Girls hired by the Edison Phonograph Works.

On August 8, 1889, Charles Batchelor wrote to EPTMCo:
We are now commencing to train small voices to talk on to the cylinders for these phonograph toys, and should be glad to have from you a list of all the little verses that you would be likely to want put on them. It matters a great deal just how the thing is said in the phonograph. Therefore we should like to have them before hand to get our small voices well practised in the art.

On September 16, 1889, Mrs. E. L. Fernandez (of the General Dramatic & Musical Agency, New York) wrote to Edgar S. Allien (General Manager of EPTMCo):

Pardon my delay but I was making inquiries to find if I could fill your bill and I find I cannot do so among the stage children you see, the children that are studying for the stage attend school and I find their parents would not consent to their doing otherwise. the children already prepared for the stage are travelling and that would rend it impossible to do your work.

Now my advice would be to get a number of very bright little girls (which you could easily do through an advertisement) and take them to Orange and train them a few days would do for that board them out there and pay them so much per week allowing them to go home every Sat. till Monday in this way you could get them cheaper they would be more regular at their work and they would live so regularly that their health would be good and consequently their voices be in good condition in selecting them I would have them all read or recite for me and select the best voices and most perfect pronounciation.

You could rent a furnished house reasonably in Orange hire a cook and then get some one to take general charge a lady who would assist the girls in their voice culture why you could establish quite a nursery there and have it quite extensively written about. I do not feel quite sure that I would not give my evenings & general supervision to it if I was wanted and it was profitable excuse my writing in this way but I am an enthusiast about the comfort of children.

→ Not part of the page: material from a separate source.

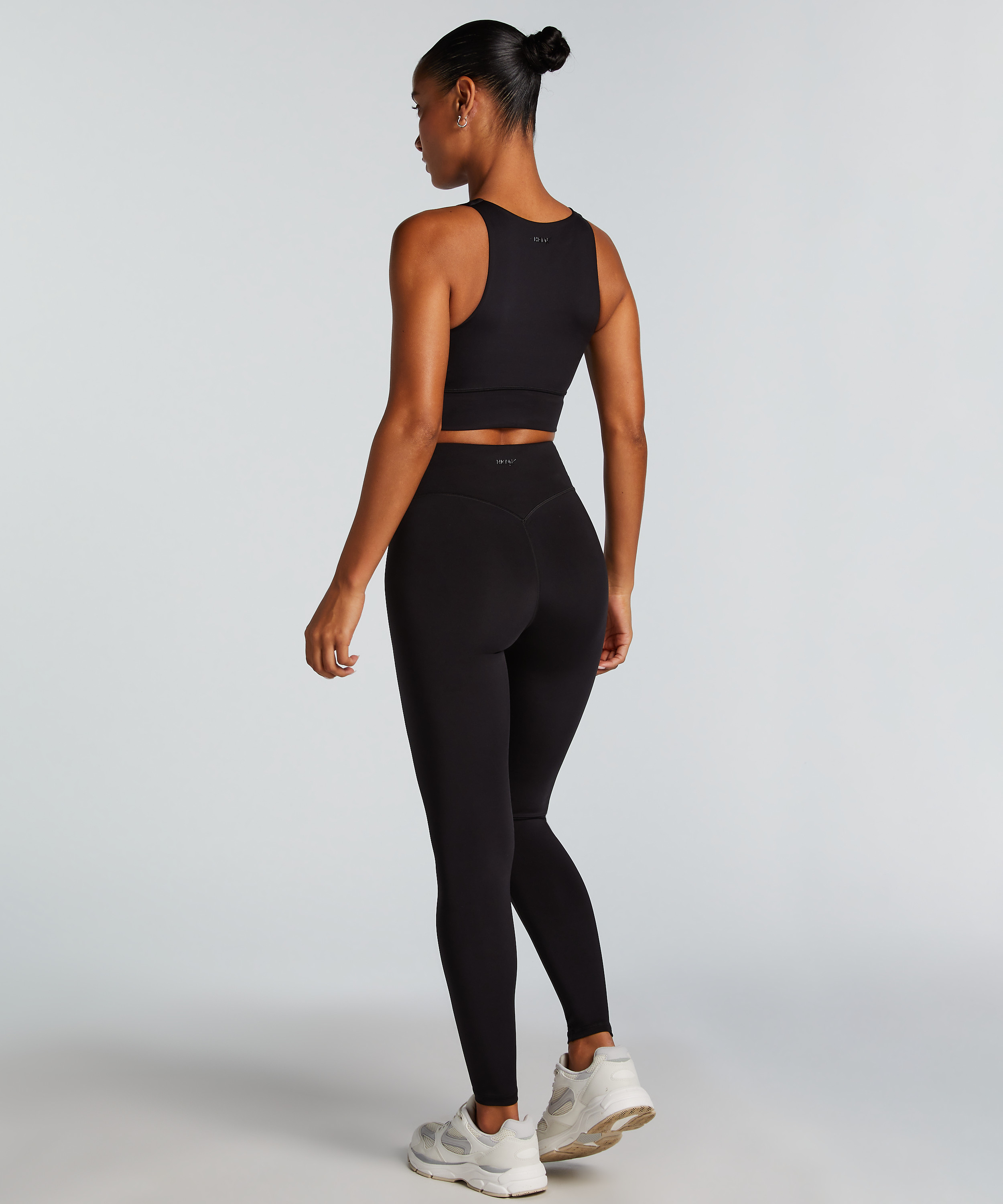 HKMX Crossed High Waisted Leggings, Black, main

The April 26, 1890 issue of Scientific American reported:
... a girl speaks the words to be repeated by the doll. A large number of these girls are continually doing this work. Each one has a stall to herself, and the jangle produced by a number of girls simultaneously repeating, "Mary had a little lamb," "Jack and Jill," "Little Bo-peep," and other interesting stories is beyond description.

What titles were offered?
As listed by the Edison Phonograph Toy Manufacturing Co., for an exhibition in the "Doll's Theatorium" at the New York Lenox Lyceum, during April and May 1890:
  1. Mary had a Little Lamb.
  2. Twinkle, Twinkle Little Star.
  3. There was a Little Girl and she had a Little Curl.
  4. Little Bo-Peep. Little Tom Tucker.
  5. Hiccory, Diccory, Dock.
  6. Little Jack Horner.
  7. Ba-Ba, Black Sheep.
  8. Jack and Jill.
  9. Two Little Black Birds.
  10. Old Mother Hubbard.
  11. Now I lay me down to Sleep.
Souvenir of Thomas A. Edison and His Inventions.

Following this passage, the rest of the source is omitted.